Some of the lines below need repeating. Reproduce exactly those between the lines holding "Οθωμανική Κύπρος (1571 - 1878)" and "Νεότερη ιστορία της Κύπρου (1960 - Σήμερα)", inclusive.

BEGIN Record excerpts

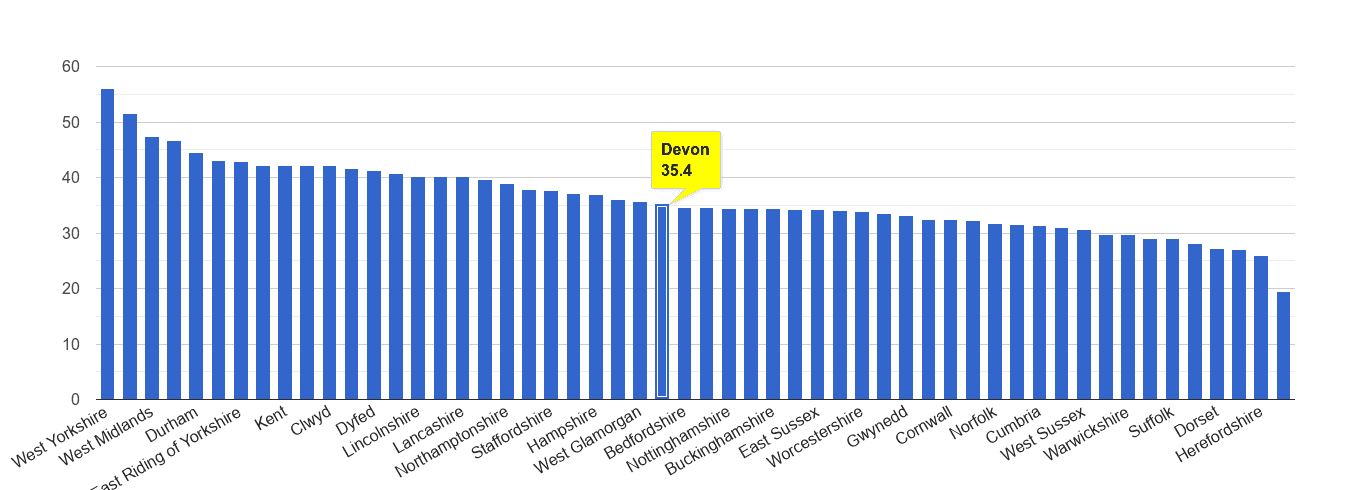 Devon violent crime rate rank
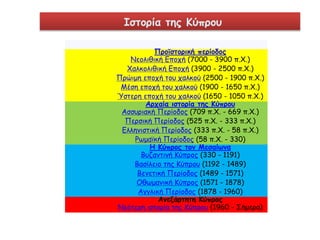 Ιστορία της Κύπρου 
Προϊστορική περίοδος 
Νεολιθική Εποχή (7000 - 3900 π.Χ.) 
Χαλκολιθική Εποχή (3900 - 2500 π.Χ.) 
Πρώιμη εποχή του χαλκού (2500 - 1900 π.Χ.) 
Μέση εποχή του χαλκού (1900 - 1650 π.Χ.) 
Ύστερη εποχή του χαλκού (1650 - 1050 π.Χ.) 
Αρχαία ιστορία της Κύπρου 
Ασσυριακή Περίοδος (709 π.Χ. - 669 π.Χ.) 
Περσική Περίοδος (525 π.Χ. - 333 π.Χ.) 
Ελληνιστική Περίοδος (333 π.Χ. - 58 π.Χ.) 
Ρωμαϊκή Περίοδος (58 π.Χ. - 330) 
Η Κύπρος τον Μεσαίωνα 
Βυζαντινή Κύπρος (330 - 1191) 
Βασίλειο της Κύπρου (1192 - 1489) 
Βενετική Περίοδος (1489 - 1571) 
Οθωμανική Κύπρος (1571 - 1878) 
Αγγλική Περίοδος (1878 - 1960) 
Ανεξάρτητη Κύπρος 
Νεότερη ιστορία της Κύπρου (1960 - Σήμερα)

END Record excerpts
BEGIN Record excerpts

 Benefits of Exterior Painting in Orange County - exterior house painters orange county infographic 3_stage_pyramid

END Record excerpts

[Output below]
Οθωμανική Κύπρος (1571 - 1878) 
Αγγλική Περίοδος (1878 - 1960) 
Ανεξάρτητη Κύπρος 
Νεότερη ιστορία της Κύπρου (1960 - Σήμερα)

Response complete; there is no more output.